Humor in einer Rede erhöht die Aufmerksamkeit, und wenn es gut läuft, erleichtert er sogar das Verständnis. Ein Mittel ist das Wortspiel. Der FDP-Abgeordnete Graf Lambsdorff sprach einmal im Bundestag darüber, dass das Parlament nicht repräsentativ zusammengesetzt sei, und brachte es witzig auf den Punkt: "Das Plenum ist mal voller und mal leerer, aber immer voller Lehrer!" Eine humorige Redewendung nimmt einer Aussage die Schärfe, ohne an Deutlichkeit zu verlieren. "Sie werden kläglich versagen, wenn es um die Schuldenbremse geht!" kann man einem konkurrierenden Politiker entgegen halten. Es klingt aber netter und mindestens so klar, wenn man beispielsweise sagt: "Eher geht ein Kamel durchs Nadelöhr, bevor Sie die Schuldenbremse einhalten!"

Wortspiele, Vergleiche, Analogien, Übertreibungen, Zitate - es gibt viele Möglichkeiten, eine Rede mit Humor zu würzen. Aber Vorsicht, beim Humor hört bekanntlich der Spaß auf! Ironie ist zum Beispiel eine gefährliche Zutat. Das Gegenteil von dem zu sagen, was man meint, und dennoch richtig verstanden zu werden, ist in der öffentlichen Rede riskant. Ironie kommt nur bei denen an, die einen Sinn dafür haben. Sie wird nur von denen verstanden, die sie decodieren können. Und wenn man als Redner dabei nachhilft, wird es leicht zu platt. Anders ist es bei Selbstironie: Das Publikum freut sich, wenn der Redner sich selbst auf den Arm nimmt, aber es sollte nicht selbstverliebt, eitel oder egozentrisch wirken.

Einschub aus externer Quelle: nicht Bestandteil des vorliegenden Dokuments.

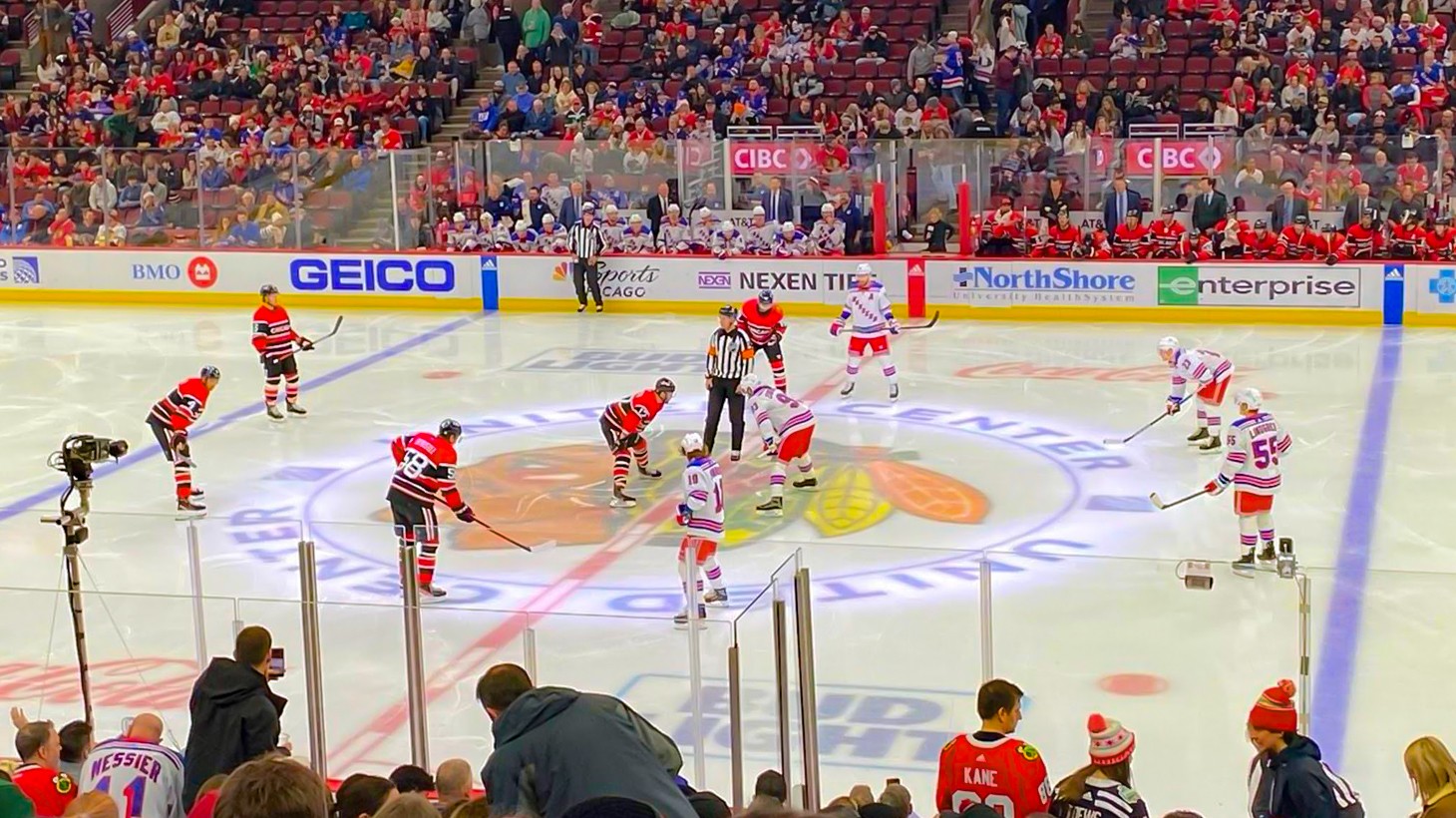 Man Must Think It Enough To Wear Blackhawks Jersey At Cubs Game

Einen großen Bogen sollten Redenschreiber um Witze machen. Kaum etwas bei einem öffentlichen Auftritt ist so peinlich wie eine Pointe, die nicht zündet. Aber auch der beste Witz hat keine Zünd-Garantie, denn das Publikum kann abgelenkt, schlecht gelaunt oder einfach nur schwer von kapeè sein. Der Redner kann sich veratmen, falsch betonen oder es sonstwie schlecht rüberbringen. Im Übrigen besteht bei Witzen, die wirklich witzig sind, fast immer erhöhte Fettnäpfchengefahr. Wenn man einen guten und passenden Witz hat, kann man ihn dem Redner zum Manuskript beifügen, und er setzt ihn ein, wenn die Situation danach ist - d.h. vor allem, es ist ein gute Verbindung zwischen Redner und Publikum hergestellt, es herrscht eine freundliche Atmosphäre, die Zuhörer sind bereit, dem Redner ein Lachen zu schenken.

Ich selbst baue schon mal einen Witz in ein Redemanuskript ein, wenn es dem Zusammenhang dient, die Aussage klar und einschlägig ist und wenn das Publikum gut dabei wegkommt. In seiner ersten Rede vor den versammelten Verkehrsingenieuren seines Beritts erzählte der Verkehrsminister den Witz von den Managern, die bei einem Führungsseminar die Höhe eines Mastes ermitteln sollen und dabei kläglich scheitern. Dann kommen ein paar Ingenieure vorbei. Sie legen den Mast flach und messen ihn mit dem Bandmaß aus. Sagt ein Manager zum anderen: „Typisch Ingenieur! Wir wollen herauskriegen, wie hoch der Mast ist, und die sagen uns, wie lang er ist.“ Der Witz funktionierte in der Rede, denn der Minister nahm ihn als Vergleich dafür, wie verschieden die Sichtweisen auf ein Thema sein können.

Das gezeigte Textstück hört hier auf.